- Born: Jana Malik 26 April 1984 (age 42) Lahore, Punjab, Pakistan
- Occupation: actress
- Spouse: Nouman Javaid ​ ​(m. 2016; div. 2017)​

= Jana Malik =

Pakistani actress

Jana Malik (born 26 April 1984) is a Pakistani actress who appears in television serials. Jana Malik is also known as Janan or Jana. She is best known for playing the supporting character of Pashi, the snake charmer, in the supernatural series Naagin, which aired on Geo Kahani. She was seen in the television serials Mar Jain Bhi To Kya, Parlour Wali Larki, and Ek Tamanna Lahasil Si and is well known for her lead role in the serial Aiteraaf. She was also part of the cast in the Urdu films Muhafiz, and Zor in 1998.

== Personal life ==
She was born in Lahore on 26 April 1984.

She was married to Nouman Javaid on 2 September 2016. The couple divorced in March 2017.

== Career ==
Jana started her career as an actress in PTV when she was thirteen years old. She made her debut with the serial Reizgar aired on PTV Home. After that, she was seen in Maigh Malhaar and then acted in a children's musical show Aangan Aangan Tarey on PTV. She also appeared in an Urdu language film Muhafiz in 1998 with Nadeem and Saud. She is being seen on different TV channels and in television serials. She played a lead role in Aiteraaf in 2011 on ARY Digital. The next serials in which she starred in include Kis Din Mera Viyah Howay Ga, Ek Tamanna Lahasil Si, Mor Mahal and Marzi.

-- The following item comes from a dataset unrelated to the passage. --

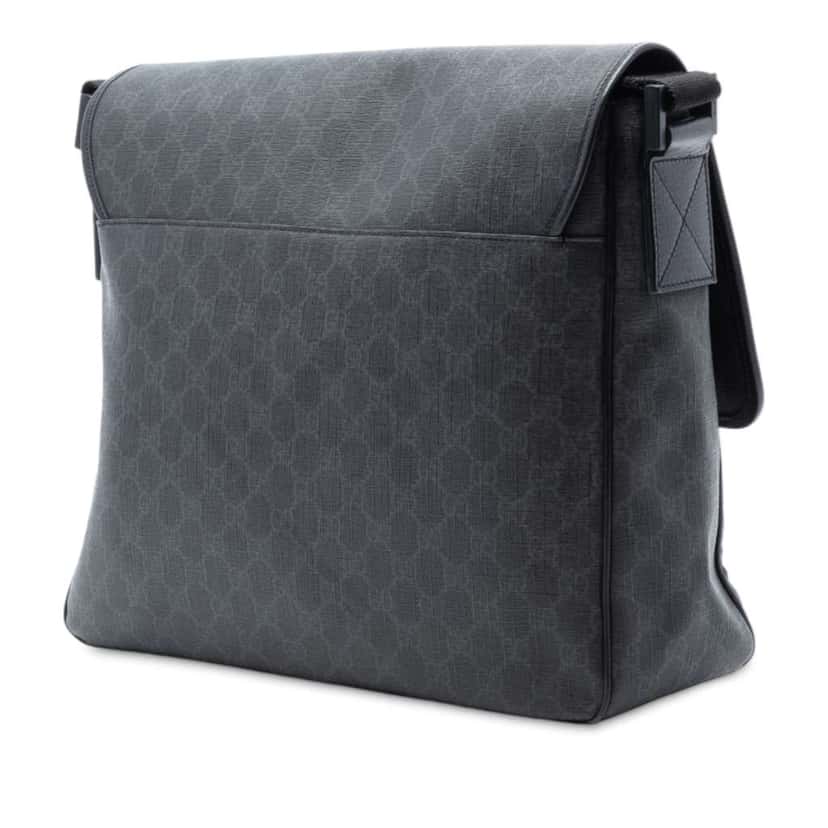 Gucci GG Supreme Flap Messenger Bag Grey Canvas Good condition - Back View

From 2017 to 2019, she starred in Geo Kahani's hit series Naagin.

== Filmography ==

- Muhafiz – 1998
- Zor – 1998

=== Television ===
- Raigzar as Zeno
- Marasim
- Bulandi as Rabi
- Gharoor as Naqsheen
- Landa Bazar
- Kanch k Parr
- Muhabbat Yun Bhi Hoti Hai as Eman
- Maigh Malhaar
- Aangan Aangan Tarey
- Un bayanable
- Mom
- Khawahishon Kay Jugnu
- Ibn-e-Adam
- Aiteraaf
- Kis Din Mera Viyah Howay Ga
- Jo Chale To Jaan Se Guzar Gaye
- Qissa Chaar Darvesh
- Mere Huzoor
- Jahez as Saira
- Topi Drama
- Mar Jain Bhi To Kya
- Ek Tamanna Lahasil Si as Hira
- Adhura Milan
- Dil Se Dil Tak
- Mor Mahal as Shaista
- Parlour Wali Larki as Shehnaz
- Naagin as Pashi (2017–2019)

== Baking career ==
In 2019, Malik started her online bakery named "BakeSpy". After that, Jana completed a diploma in professional patisserie from SCAFA, a cooking school in Lahore.